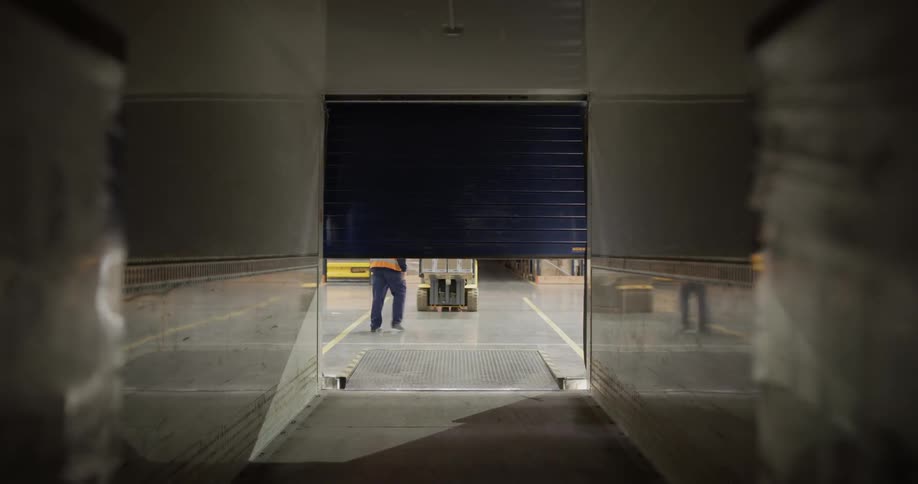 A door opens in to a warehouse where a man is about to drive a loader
==
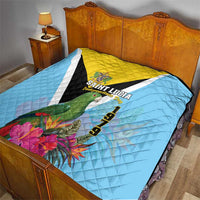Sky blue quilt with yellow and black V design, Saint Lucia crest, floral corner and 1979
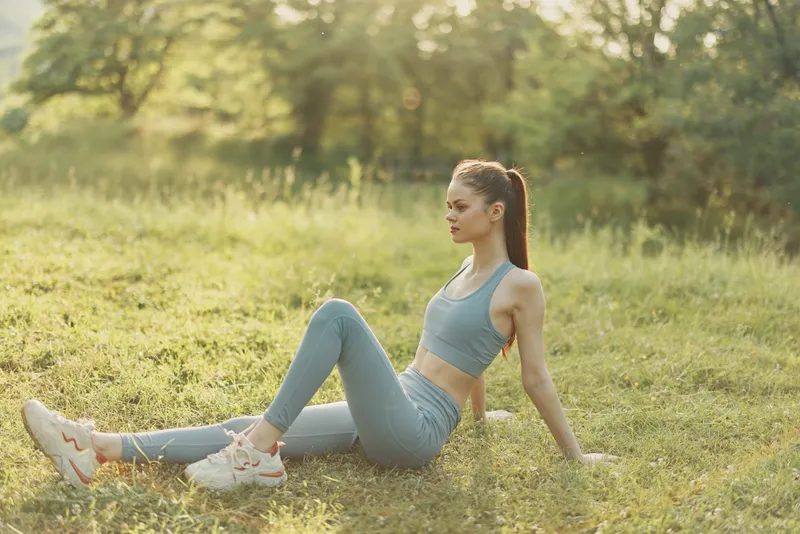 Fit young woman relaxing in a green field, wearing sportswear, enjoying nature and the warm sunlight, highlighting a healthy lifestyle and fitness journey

__Description of the task__.
Copy exactly the lines of the listing above between the one holding "Sky blue quilt" and the one holding "Fit young woman", inclusive; omit all pictures.

__Written response__.
Sky blue quilt with yellow and black V design, Saint Lucia crest, floral corner and 1979
 Fit young woman relaxing in a green field, wearing sportswear, enjoying nature and the warm sunlight, highlighting a healthy lifestyle and fitness journey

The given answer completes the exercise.